I’m willing to believe my parents can’t believe it’s been practically four decades since they leaned against that railing for that first photo. And I bet in forty years I’ll be in a state of disbelieving shock that the second photo is that old.
At home I see time reflected in the growth of trees and bushes in my yard, the amount of chipping paint on the windowsills, and the number of new cracks in the driveway. I look at photos of long-dead relatives and touch some of the objects they touched — a pocket watch, a quilt, a silver serving spoon — and realize that the things we create as humans tend to outlive us. That railing around the fountain at the zoo was erected in 1939. Thousands of people have been photographed by it. Many of them are gone now, but the railing remains.
That’s part of the reason I’m compelled to write: to outlive myself in some small way.

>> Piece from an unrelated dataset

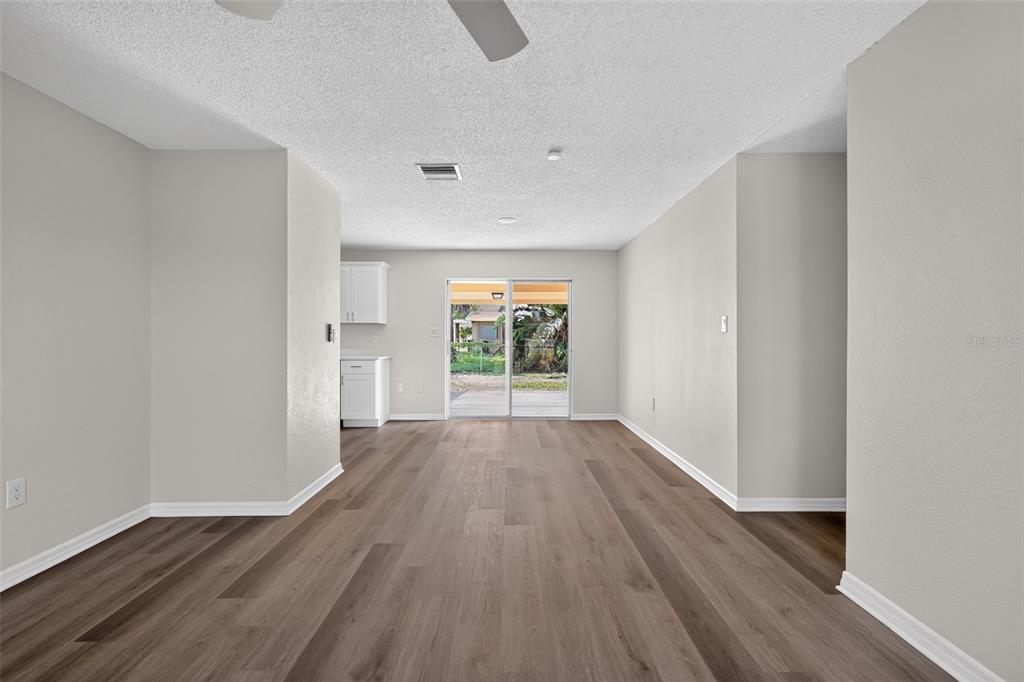 An empty room with wood-look flooring, light gray walls, and sliding glass doors to outside — 1856 JACKSON AVENUE, MELBOURNE, FL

Another part is to capture time.
During the past month I have been trying to get a catalog to press at work, doing ghostwriting work for a ministry, freelance editing a novel, celebrating my son’s birthday, visiting friends from Kenya, planting the garden, prepping and leading a workshop, and, when I can find a few minutes, working on my own fiction. When we get busy, time slips along like water down a storm drain.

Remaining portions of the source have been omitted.